━━━━━ Records provided ━━━━━

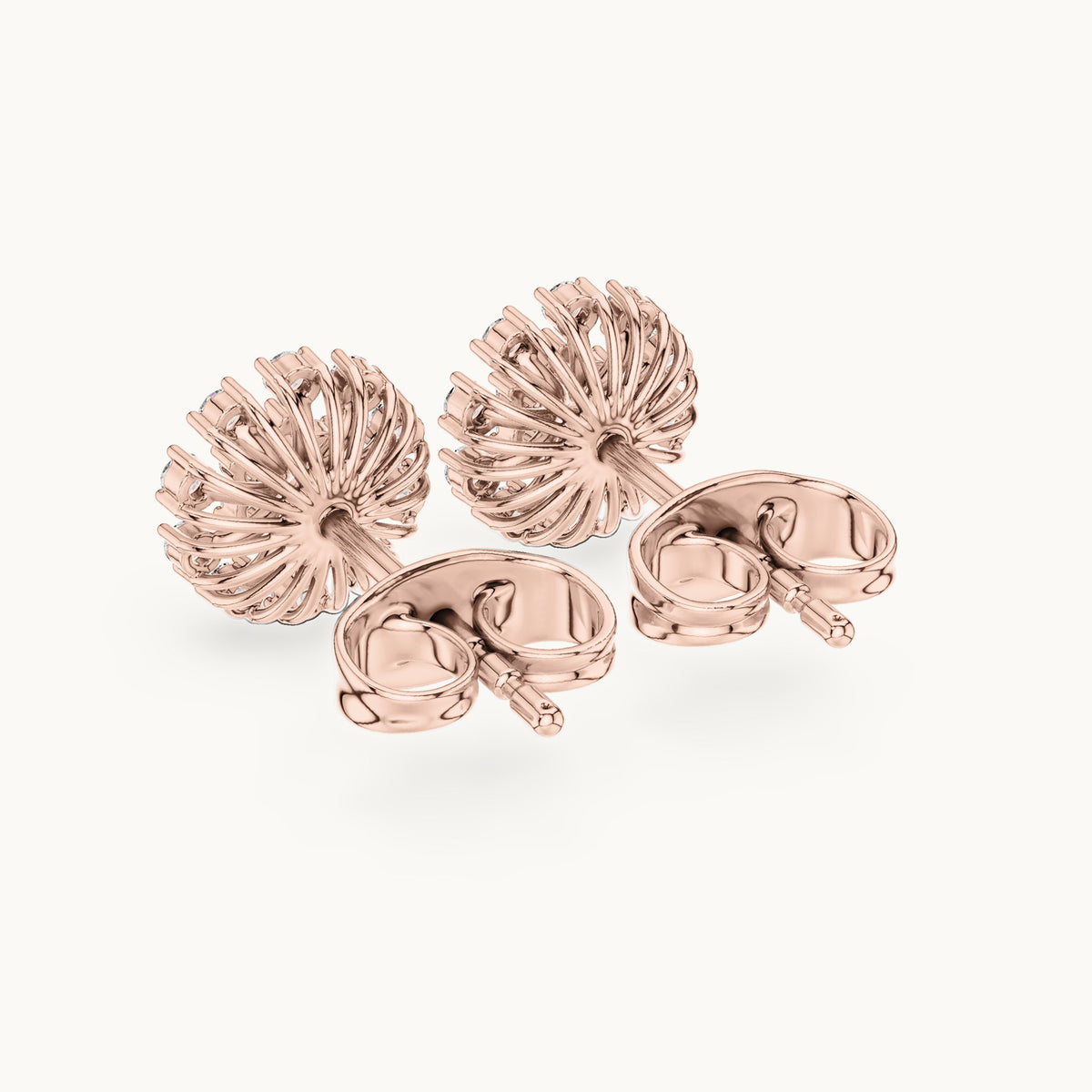 Round lab-grown diamond sunburst cluster stud earrings in rose gold, 0.19 CT TW, view 3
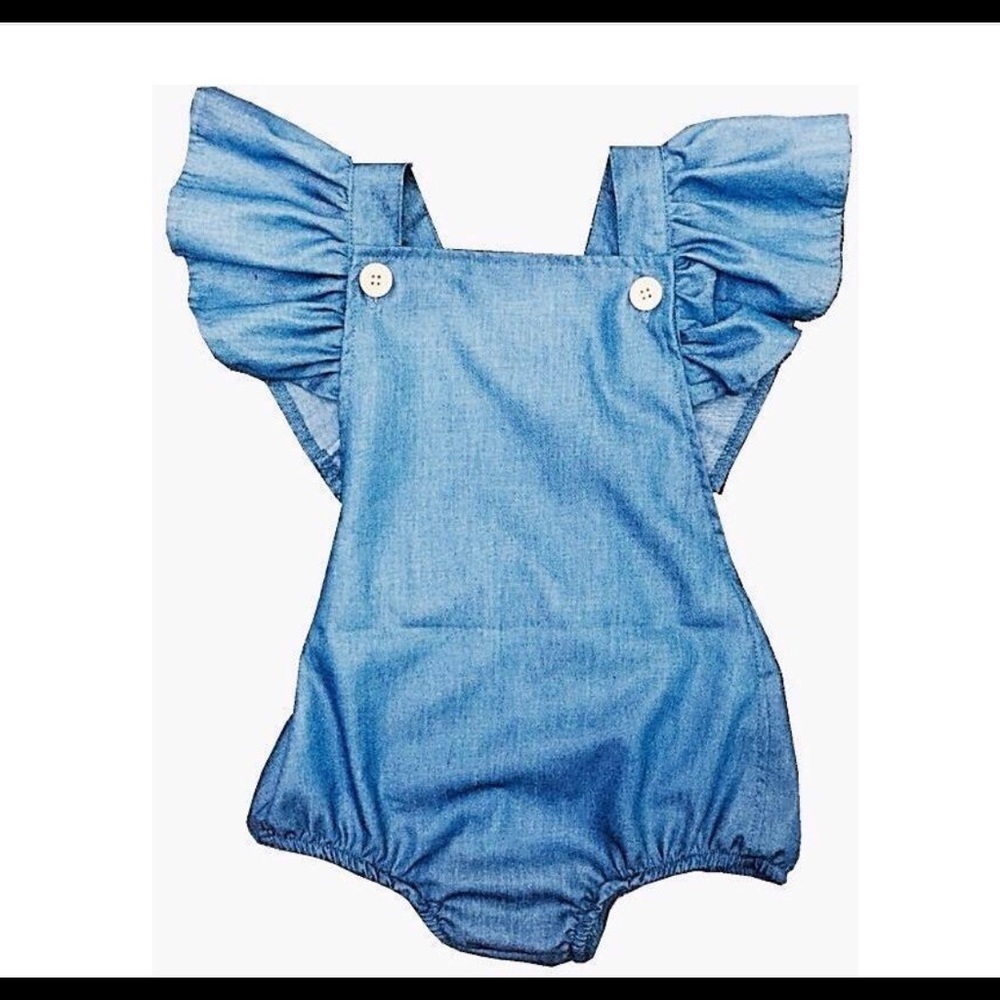 ‼️SOLD‼️Jean Ruffle Baby Rustic Button Romper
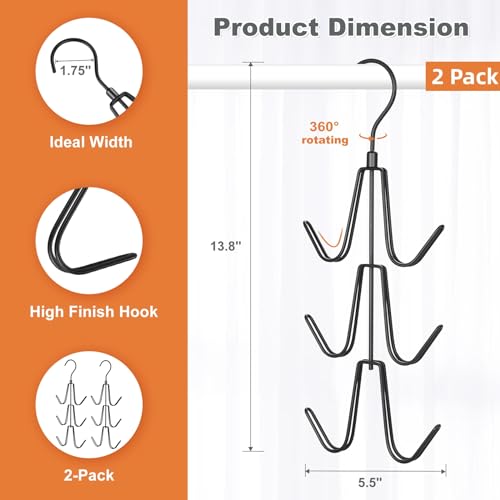 TOPIA HANGER Black Purse Organizer Hooks - 2-Pack Handbag Storage
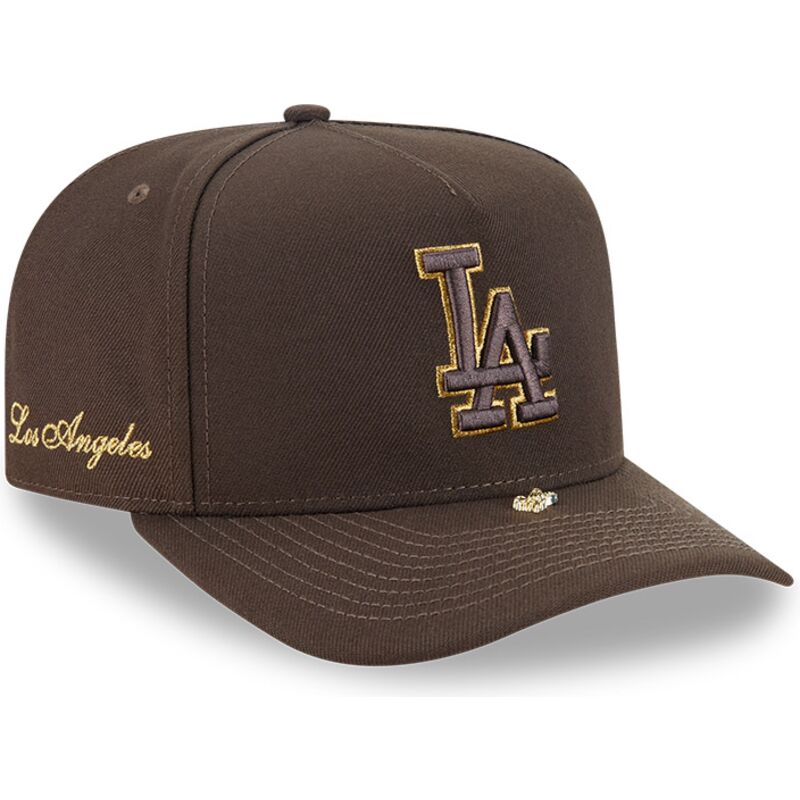 siltovka-zaoblena-hneda-snapback-9fifty-a-frame-precurved-visor-pin-los-angeles-dodgers-mlb-new-era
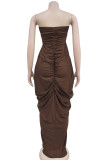 Coffee Casual Solid Color Patchwork Backless Ruched Strapless Long Dresses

━━━━━

### Task
Your task is a word-for-word transcription of the entries, leaving out all pictures.

### Answer box
 Round lab-grown diamond sunburst cluster stud earrings in rose gold, 0.19 CT TW, view 3
 ‼️SOLD‼️Jean Ruffle Baby Rustic Button Romper
 TOPIA HANGER Black Purse Organizer Hooks - 2-Pack Handbag Storage
 siltovka-zaoblena-hneda-snapback-9fifty-a-frame-precurved-visor-pin-los-angeles-dodgers-mlb-new-era
 Coffee Casual Solid Color Patchwork Backless Ruched Strapless Long Dresses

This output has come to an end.